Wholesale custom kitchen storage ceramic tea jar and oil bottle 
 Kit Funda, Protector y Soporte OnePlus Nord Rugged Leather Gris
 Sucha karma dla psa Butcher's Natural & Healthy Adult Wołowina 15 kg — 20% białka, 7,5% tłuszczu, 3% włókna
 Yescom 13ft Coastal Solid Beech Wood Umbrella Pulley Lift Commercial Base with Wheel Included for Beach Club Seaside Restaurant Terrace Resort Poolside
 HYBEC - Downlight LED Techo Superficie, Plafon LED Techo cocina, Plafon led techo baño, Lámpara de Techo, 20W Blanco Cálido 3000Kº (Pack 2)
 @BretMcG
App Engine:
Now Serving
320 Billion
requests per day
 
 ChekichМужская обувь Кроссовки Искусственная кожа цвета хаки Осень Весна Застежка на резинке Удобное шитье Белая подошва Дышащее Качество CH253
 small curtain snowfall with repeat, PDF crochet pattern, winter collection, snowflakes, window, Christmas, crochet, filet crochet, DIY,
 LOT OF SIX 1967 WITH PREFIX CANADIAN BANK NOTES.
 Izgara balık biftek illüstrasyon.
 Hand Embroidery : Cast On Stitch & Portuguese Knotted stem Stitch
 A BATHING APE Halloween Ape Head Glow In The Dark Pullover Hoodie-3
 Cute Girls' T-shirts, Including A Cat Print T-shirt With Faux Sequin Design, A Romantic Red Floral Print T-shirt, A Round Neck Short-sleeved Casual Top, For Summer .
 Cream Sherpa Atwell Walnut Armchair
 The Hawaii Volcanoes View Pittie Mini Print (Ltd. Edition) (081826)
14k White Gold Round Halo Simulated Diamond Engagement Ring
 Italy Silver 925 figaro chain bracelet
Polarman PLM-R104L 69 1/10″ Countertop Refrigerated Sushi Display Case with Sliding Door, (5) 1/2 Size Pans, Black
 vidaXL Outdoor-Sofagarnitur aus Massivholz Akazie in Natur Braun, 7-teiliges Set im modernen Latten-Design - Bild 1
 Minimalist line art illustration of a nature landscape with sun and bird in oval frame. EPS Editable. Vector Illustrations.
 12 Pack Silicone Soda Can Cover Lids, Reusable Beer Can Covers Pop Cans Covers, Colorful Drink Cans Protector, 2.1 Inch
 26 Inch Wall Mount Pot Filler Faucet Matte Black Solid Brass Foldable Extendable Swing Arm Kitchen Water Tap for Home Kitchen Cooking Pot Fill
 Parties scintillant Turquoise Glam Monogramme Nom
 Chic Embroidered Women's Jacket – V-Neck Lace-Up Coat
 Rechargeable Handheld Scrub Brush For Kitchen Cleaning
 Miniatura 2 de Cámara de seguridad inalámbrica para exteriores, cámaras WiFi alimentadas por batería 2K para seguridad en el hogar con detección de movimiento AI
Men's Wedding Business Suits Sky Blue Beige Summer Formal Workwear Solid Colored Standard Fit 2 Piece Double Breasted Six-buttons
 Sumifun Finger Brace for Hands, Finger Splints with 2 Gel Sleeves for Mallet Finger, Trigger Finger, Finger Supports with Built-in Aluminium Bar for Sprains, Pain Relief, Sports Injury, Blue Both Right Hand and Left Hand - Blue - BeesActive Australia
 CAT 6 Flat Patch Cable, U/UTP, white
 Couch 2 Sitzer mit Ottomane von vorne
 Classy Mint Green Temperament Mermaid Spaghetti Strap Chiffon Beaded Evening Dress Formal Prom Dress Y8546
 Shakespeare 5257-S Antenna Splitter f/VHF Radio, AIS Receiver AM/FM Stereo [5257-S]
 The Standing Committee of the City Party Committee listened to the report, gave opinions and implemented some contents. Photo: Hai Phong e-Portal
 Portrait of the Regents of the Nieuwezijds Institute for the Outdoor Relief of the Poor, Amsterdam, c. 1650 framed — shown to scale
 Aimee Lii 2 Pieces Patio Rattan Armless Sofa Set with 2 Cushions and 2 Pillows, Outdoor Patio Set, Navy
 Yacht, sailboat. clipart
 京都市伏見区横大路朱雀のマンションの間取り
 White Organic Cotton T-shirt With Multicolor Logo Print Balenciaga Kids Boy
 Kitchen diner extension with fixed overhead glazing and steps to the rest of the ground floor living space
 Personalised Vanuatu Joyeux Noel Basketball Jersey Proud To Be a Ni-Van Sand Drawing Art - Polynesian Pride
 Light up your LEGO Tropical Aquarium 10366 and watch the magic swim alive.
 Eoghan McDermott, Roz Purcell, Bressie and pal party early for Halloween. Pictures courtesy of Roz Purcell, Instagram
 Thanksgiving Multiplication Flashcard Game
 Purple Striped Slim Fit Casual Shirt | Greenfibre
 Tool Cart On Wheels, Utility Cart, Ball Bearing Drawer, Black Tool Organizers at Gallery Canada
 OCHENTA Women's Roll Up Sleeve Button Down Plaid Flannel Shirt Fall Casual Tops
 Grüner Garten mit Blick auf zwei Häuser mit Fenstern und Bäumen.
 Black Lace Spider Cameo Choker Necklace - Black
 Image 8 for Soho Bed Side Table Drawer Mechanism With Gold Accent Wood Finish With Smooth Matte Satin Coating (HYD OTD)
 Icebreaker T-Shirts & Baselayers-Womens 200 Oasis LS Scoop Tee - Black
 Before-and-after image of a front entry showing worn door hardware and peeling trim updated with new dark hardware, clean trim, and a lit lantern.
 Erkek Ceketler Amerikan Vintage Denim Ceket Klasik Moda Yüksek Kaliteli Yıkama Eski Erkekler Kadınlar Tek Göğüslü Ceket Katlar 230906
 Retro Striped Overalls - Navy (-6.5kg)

DIRECTIONS FOR THIS TASK: Would you set down, word for word, the lines from the opening of the entries above through the line with "Sucha karma dla", both included, and no others?

RESULT OF THIS TASK:
Wholesale custom kitchen storage ceramic tea jar and oil bottle 
 Kit Funda, Protector y Soporte OnePlus Nord Rugged Leather Gris
 Sucha karma dla psa Butcher's Natural & Healthy Adult Wołowina 15 kg — 20% białka, 7,5% tłuszczu, 3% włókna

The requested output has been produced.